Amidst the surge in AI development, the battle for hardware infrastructure standards is intensifying. To prevent ecosystem fragmentation, the Open Compute Project (OCP) recently appointed Arm to its board of directors, placing it on equal footing with tech giants like AMD, NVIDIA, Meta, and Google to jointly lead the development of specifications for next-generation AI datacenters.
This move not only establishes Arm's influence in the high-performance computing field, but also means that "open standards" will become a core strategy for meeting the challenges of converged AI data centers.
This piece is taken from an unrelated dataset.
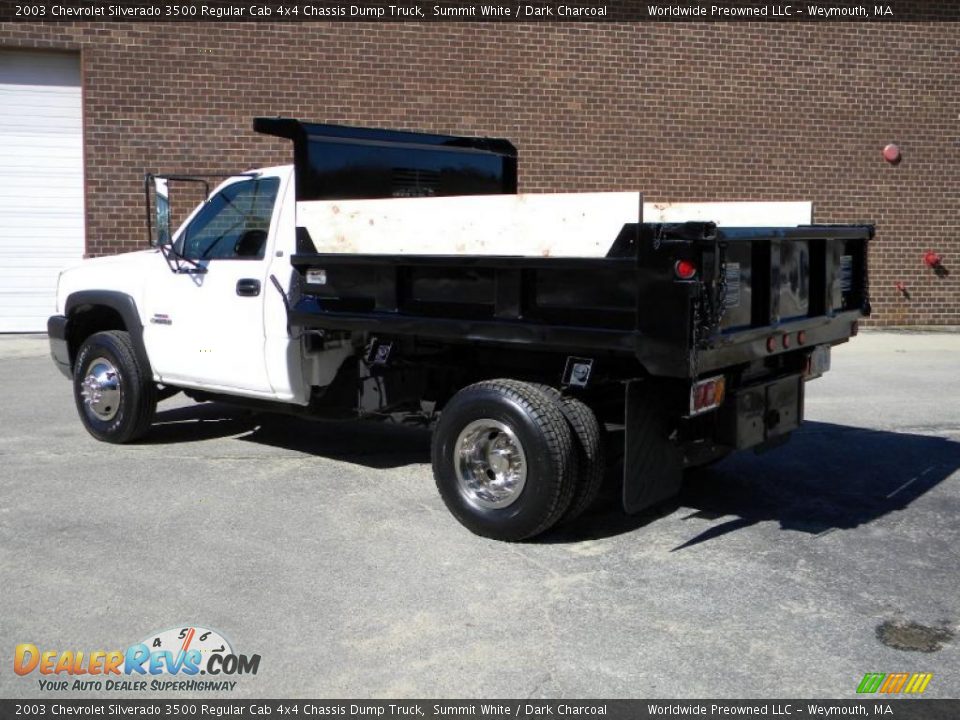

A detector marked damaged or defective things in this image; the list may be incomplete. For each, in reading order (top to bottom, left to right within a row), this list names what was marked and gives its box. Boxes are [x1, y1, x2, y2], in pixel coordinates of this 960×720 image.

cracked concrete [0, 334, 956, 696]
AI racks consume as much power as hundreds of homes; open collaboration is the only solution
Mohamed Awad, general manager of Arm's Infrastructure Business Group, highlighted the current predicament: It is estimated that by 2025, the computing power of a single AI rack will rival that of a top-tier supercomputer in 2020, while its staggering power consumption will be equivalent to the combined electricity consumption of 100 American households. This exponential growth is beyond the capacity of traditional general-purpose server architectures.
To this end, Arm has proposed the vision of a "converged AI datacenter," aiming to maximize AI computing density per unit area while simultaneously reducing overall power consumption and cost. Achieving this goal requires collaborative design across computing, acceleration, memory, and networking, which is where OCP open standards play a key role.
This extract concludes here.